Libyans Turn to YouTube to Circumvent Media Blackout

[Source: GigaOm, by Janko Roettgers, February 23, 2011]

If you were ever doubtful about the disruptive power of online video, consider this: Libyan border guards have started to frisk people leaving the country for recording equipment, “systematically destroying cell phone SIM and memory cards” that could contain videos and photos of the violent clashes within the country, according to CNN’s Nick Robertson, who is reporting about the crisis from the border between Libya and Tunisia.

Libya also started to block access to YouTube as soon as the protests started last week, and access has been spotty at best ever since. Here’s a graph from Google’s Transparency Tool that clearly shows traffic dropping after Feb. 16, the day the uprising started in the eastern part of the country:

Libya YouTube traffic chart

Many videos documenting the violence in Libya nonetheless find their way to YouTube. A Google spokesperson said on Tuesday that more than 9500 videos tagged “Libya” have been uploaded to the video site in the week since the beginning of the uprising.

YouTube has been experimenting with the news curation startup Storyful to make sense of these videos and highlight some of the submissions as part of its Citizentube project, and Storyful Editorial Director David Clinch told me much of the video has been uploaded with the help of Libyan expats. “Most are mirrored,” he said. Libyans occasionally have access to services like Facebook or Twitvid, and volunteers immediately take clips available on those services and upload them to YouTube.

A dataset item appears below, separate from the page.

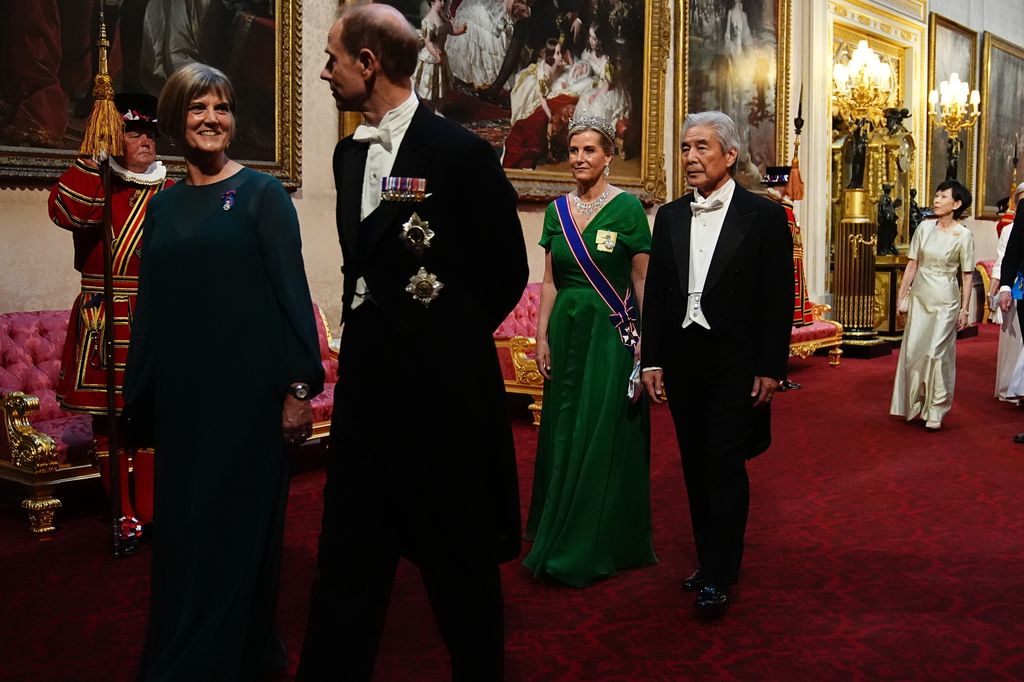 Ms Julia Longbottom (left), Prince Edward, Duke of Edinburgh, Sophie, Duchess of Edinburgh and His Excellency Mr Hirofumi Nakasone (right) walking through the East Gallery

Libyans seem to be quite aware that online video is playing a huge role in telling their side of the story, and they’re going to great lengths to circumvent the media blackout. “They are all pushing the videos out so the world can see them,” Clinch told me, adding that some clips are even “physically crossing borders.” Footage makes it out of the country in the luggage of refugees, despite security checks like the ones reported by Robertson, and Time Magazine even reported about organized sneakernets this week. It quoted one opposition member saying:

“We sent my brother and his friend to Marsa Matruh [in Egypt] to use the Internet. I went to Egypt every day to give him a flash disk full of media from Tobruk, al-Baida, Benghazi. They were videos from mobiles. Not just mine. We made copies, went to the Egyptian border at Salloum and gave it to someone there…”

Storyful is using contacts within Libya as well as expats to vet and contextualize the footage coming out of the country. That process can be complicated by the fact that some of the footage appears online without any meta-data whatsoever, but Clinch said that he has “a very high degree of confidence” in the videos curated by his company. CNN, Al-Jazeera and others have been using the very same footage that first showed up on YouTube to report about the situation in Libya, and Clinch said that in a few years, YouTube may be a prime source to learn how the uprising in Libya started.